迅は、静かにその場を立ち去った。慌てて、白狐兎を追いかける。
「そういや、なんで、札なかったんだよ。重要だろ?」
「実家に入れなかった」
「は?」
「いつもじいちゃんに札を作ってもらってるんだよ。神社に入ろうとしたら、俺の顔を見てすぐに分厚い結界張りやがったんだ。あの、くそじじい!」
「お前、今、半分鬼の姿になってるもんな。ウケるな! ハハハ、追い出されてやんのー」
爆笑して、迅を指をさす白狐兎に額に大きな筋を作る。
「笑うな」
白狐兎の目の前に突然炎が舞い上がる。札が無くても技が使えるようになったが、ちょっとの怒りでも炎が出て歯止めがきかなくなる。
「あちちちち……」
白狐兎は、ジャンプして逃げ惑うが、炎はどこまでも追いかけてくる。
「バカにするからだ!」
迅は、機嫌悪くしてその場から立ち去った。左義眼は青く光ったままだった。
◆◆◆
空にあぐらをかいて浮かぶ酒呑童子は、残念な顔をして舌打ちをする。
「もう少しで餓鬼が迅の力を奪えそうだっただなぁ。まぁ、妾が鬼の力制御できるようになったからいつでも奪えるなぁ。ゆっくり味わうか。なぁ、鬼柳。お前も協力しろよ」
「御意」
鬼柳は、深くお辞儀をして反応した。酒呑童子は、禍々しく嘲笑いながら、姿をすっと消した。

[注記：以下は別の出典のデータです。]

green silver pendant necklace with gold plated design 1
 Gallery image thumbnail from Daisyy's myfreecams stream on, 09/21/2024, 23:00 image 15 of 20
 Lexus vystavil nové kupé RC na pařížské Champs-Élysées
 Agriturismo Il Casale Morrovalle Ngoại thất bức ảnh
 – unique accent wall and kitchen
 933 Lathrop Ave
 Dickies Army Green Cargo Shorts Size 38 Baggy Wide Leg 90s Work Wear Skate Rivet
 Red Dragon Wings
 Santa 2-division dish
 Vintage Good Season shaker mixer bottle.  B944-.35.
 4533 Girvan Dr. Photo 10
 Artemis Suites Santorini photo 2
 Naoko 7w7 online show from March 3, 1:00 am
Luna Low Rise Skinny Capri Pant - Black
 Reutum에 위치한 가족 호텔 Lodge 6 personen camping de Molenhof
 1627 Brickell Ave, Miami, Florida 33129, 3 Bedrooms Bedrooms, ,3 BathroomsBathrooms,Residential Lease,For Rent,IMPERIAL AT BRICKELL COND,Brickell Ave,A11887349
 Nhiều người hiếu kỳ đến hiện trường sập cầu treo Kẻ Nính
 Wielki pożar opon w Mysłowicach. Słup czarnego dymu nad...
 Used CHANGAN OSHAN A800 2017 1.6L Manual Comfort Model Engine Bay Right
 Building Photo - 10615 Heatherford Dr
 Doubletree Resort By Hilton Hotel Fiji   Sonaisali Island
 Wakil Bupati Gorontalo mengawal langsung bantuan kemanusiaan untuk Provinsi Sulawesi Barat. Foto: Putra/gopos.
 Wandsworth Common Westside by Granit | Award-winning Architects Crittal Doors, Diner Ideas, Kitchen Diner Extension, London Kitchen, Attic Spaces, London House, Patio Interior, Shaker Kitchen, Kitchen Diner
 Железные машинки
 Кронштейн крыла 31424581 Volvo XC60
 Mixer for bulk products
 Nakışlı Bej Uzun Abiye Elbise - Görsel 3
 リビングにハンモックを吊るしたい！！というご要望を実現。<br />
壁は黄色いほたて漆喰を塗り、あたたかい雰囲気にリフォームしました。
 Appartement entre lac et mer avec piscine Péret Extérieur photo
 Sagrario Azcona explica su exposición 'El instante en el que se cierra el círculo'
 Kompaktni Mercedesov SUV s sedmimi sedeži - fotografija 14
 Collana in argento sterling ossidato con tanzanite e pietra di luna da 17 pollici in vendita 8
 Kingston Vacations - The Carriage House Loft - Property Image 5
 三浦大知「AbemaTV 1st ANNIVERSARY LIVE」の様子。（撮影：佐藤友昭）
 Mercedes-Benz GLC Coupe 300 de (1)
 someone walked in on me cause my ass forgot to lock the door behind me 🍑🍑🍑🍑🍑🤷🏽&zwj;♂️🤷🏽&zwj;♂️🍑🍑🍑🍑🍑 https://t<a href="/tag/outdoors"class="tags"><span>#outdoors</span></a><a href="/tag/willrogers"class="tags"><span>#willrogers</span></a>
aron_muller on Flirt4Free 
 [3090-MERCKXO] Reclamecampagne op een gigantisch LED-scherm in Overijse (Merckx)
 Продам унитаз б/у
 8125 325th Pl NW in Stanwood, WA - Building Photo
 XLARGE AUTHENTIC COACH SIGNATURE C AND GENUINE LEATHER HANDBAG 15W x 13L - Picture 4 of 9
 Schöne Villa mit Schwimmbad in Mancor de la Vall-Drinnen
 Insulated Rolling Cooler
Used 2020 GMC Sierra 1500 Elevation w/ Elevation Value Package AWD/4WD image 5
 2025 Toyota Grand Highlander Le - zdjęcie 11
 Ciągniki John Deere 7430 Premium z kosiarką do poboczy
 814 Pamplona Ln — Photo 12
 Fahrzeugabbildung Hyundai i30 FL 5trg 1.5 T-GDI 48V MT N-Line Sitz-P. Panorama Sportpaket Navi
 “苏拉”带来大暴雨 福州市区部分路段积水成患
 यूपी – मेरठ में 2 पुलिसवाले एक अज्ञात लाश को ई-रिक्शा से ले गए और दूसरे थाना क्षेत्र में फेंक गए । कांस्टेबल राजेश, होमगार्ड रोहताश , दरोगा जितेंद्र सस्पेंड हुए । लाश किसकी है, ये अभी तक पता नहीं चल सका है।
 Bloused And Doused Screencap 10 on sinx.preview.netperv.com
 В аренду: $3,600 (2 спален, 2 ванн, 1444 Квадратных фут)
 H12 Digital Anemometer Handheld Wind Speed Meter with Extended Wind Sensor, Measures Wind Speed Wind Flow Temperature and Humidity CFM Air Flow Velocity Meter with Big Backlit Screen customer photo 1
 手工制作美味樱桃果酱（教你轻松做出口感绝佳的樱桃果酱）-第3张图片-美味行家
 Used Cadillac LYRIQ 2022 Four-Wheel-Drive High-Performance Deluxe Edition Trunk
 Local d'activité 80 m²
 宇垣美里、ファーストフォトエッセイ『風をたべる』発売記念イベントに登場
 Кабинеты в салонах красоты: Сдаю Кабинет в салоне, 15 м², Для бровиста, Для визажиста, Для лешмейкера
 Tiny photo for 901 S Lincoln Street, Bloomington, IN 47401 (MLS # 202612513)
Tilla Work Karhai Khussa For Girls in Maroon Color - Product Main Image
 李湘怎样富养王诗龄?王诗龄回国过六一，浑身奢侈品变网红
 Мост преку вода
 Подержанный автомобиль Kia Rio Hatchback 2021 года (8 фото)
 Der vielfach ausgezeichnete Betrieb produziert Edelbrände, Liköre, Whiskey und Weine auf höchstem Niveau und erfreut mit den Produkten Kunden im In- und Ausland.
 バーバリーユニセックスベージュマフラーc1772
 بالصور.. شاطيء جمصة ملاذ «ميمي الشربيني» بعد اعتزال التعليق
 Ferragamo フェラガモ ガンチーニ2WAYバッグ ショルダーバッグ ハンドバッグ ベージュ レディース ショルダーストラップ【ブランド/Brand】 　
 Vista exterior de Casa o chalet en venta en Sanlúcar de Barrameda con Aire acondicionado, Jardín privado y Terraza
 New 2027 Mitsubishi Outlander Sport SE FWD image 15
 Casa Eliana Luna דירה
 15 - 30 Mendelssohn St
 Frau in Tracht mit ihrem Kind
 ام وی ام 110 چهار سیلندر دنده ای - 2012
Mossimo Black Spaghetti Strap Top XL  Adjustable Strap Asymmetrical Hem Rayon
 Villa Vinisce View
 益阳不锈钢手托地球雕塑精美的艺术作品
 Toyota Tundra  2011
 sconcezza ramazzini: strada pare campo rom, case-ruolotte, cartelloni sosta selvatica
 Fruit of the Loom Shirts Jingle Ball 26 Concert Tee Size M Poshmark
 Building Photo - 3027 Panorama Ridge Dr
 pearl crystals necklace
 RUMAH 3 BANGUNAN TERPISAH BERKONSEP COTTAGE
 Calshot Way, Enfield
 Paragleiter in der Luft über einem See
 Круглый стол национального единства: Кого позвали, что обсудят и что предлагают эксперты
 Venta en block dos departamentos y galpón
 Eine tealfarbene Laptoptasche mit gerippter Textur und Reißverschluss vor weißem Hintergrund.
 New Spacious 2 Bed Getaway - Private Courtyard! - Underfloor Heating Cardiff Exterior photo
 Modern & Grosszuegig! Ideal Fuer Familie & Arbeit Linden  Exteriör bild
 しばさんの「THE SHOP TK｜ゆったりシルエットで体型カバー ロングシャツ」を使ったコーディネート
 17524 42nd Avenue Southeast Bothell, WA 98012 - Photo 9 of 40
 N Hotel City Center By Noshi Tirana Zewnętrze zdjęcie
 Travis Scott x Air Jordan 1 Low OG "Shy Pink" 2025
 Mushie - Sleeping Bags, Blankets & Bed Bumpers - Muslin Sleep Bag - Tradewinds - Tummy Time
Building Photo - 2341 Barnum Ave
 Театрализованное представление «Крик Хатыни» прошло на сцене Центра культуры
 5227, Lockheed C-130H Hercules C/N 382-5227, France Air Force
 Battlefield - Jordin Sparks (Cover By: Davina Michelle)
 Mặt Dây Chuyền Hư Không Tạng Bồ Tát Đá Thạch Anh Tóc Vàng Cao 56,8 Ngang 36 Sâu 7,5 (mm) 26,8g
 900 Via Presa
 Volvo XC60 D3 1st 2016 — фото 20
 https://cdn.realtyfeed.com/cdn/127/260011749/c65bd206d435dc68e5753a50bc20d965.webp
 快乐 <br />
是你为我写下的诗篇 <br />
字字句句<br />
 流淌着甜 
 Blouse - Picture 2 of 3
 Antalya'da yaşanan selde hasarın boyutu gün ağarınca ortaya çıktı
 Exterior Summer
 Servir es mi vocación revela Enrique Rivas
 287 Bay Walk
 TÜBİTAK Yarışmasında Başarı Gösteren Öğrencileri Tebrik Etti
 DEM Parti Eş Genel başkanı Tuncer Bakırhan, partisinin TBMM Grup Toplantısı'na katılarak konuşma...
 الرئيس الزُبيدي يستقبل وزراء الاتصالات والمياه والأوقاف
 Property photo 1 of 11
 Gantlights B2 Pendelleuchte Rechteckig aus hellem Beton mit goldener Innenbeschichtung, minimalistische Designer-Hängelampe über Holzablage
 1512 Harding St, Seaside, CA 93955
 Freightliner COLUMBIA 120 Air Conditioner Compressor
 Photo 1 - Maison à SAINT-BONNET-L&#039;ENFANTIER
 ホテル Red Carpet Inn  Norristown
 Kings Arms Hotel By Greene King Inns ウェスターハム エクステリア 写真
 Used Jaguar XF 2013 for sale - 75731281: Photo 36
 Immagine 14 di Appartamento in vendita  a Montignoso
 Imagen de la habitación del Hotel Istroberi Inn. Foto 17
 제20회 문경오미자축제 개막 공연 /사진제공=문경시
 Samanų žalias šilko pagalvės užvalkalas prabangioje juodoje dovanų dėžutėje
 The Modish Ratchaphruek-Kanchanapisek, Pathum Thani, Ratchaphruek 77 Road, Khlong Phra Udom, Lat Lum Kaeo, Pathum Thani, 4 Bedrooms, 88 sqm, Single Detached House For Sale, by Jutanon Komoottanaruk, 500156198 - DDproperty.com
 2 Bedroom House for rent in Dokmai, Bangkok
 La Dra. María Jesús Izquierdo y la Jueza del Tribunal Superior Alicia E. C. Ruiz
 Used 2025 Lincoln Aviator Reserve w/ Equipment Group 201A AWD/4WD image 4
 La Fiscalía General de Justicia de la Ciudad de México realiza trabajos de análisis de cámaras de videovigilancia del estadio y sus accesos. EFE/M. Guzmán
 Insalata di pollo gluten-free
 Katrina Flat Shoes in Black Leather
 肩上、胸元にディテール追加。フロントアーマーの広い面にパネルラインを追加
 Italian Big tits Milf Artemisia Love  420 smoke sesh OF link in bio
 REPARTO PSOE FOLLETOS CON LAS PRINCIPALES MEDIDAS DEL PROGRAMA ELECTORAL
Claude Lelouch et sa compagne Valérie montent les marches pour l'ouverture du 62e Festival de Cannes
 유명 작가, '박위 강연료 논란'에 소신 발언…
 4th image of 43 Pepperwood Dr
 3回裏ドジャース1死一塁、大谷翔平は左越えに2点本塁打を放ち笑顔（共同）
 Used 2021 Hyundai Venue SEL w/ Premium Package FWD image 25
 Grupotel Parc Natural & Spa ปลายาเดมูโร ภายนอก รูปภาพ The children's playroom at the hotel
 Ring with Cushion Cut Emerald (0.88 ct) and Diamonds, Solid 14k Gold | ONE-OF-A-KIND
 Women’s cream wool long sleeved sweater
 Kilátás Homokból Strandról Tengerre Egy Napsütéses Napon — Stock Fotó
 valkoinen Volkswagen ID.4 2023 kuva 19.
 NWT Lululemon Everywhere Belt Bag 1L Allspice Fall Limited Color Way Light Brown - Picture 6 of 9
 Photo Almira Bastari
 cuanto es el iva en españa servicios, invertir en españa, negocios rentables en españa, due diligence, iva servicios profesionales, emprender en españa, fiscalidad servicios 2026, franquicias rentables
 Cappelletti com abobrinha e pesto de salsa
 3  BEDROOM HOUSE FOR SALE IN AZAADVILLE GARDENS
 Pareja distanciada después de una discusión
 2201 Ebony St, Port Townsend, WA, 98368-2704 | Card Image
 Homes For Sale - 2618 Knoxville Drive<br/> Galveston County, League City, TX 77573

「何か気配がする。気のせいか。腹減ったぁ。豚汁食べるかなぁ」
「あ、土御門さん。ごめんなさい」
「え? まさか」
「そうです。完食です。みなさん、綺麗に食べていただいて、本当にうれしいです」
「……俺のご飯」
迅のお腹が大きな音を立てて響いた。迅は、膝をついて、泣き崩れた。
「食べておいてよかった」
白狐兎は口笛を吹いて通り過ぎる。
広い河川敷の芝生では、平和に小学生たちが野球を楽しんでいた。